Sadly history is repeating itself as a senior Justice of the Court of Appeal, who should have been appointed to the Supreme Court from North- central since last year, is currently sitting on the presidenti­al election tribunal again now. The same delays and short- staffing and even needless controvers­y that occurred then could also happen now given the lack of public understand­ing of the inner workings of the judiciary. At least three justices of the Supreme Court retired last year and have not been replaced so their Lordships are virtually running on empty tank in case just a single one of them is ill or has any other emergency during this critical period like the CJN who reportedly was in UK twice in as many weeks for medical attention.

The Apex Court should never be on the verge of human capital exhaustion as currently occurring.
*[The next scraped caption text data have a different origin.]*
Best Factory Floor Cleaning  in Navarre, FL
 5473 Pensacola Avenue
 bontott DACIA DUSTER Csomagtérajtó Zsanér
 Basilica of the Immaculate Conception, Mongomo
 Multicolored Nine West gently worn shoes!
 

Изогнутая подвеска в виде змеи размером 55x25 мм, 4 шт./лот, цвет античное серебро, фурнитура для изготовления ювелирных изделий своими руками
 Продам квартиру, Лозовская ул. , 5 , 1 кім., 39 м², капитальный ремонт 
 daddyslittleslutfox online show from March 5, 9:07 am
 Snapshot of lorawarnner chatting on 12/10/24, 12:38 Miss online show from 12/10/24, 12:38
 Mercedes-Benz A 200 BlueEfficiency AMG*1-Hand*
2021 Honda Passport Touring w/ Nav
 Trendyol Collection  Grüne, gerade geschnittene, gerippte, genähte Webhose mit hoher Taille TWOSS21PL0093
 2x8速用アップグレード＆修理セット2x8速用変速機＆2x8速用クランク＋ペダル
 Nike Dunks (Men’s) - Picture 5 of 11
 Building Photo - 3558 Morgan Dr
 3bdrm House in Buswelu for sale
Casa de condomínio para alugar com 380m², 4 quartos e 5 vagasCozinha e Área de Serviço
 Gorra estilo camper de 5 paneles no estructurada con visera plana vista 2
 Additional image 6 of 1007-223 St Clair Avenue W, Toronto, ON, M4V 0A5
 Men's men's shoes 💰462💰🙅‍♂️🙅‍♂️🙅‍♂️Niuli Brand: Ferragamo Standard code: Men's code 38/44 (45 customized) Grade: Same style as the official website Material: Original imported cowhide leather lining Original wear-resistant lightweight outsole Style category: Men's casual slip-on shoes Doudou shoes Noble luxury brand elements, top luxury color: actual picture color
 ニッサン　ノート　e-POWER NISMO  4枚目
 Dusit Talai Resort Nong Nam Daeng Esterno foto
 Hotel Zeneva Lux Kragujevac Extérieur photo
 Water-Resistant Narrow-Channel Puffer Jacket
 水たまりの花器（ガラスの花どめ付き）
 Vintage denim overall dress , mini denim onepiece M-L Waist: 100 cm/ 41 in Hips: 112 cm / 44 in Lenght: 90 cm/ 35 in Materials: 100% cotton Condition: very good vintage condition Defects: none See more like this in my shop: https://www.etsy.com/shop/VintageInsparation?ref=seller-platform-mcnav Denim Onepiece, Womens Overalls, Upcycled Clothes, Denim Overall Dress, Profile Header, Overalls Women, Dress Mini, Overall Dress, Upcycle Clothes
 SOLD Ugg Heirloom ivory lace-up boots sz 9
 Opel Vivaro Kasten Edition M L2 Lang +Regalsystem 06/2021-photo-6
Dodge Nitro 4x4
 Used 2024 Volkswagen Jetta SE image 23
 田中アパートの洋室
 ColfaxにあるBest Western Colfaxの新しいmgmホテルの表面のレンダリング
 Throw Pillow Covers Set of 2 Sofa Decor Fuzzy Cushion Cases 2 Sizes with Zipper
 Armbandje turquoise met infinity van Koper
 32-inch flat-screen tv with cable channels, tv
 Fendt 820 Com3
Buhari will forever go down as the worst for the judiciary in history. Under him, a constituti­onal crisis was narrowly averted with his failure to appoint a CJN before traveling abroad for treatment, then a constituti­onal coup was inflicted with the illegal deposition of Chief Justice Onnoghen.

Thereafter, there was the historic judicial mutiny following the epochal call for investigat­ion of the Supreme Court by Ejembi Eko JSC during his valedictor­y session.

Not since the near collapse of the Supreme Court by Gen. Abacha’s refusal to appoint new justices to constitute a panel to hear Moshood Abiola’s bail case, has the court been this close to asphyxia. Urgent action needs to be taken to replenish, reinvigora­te and boost the morale of the court.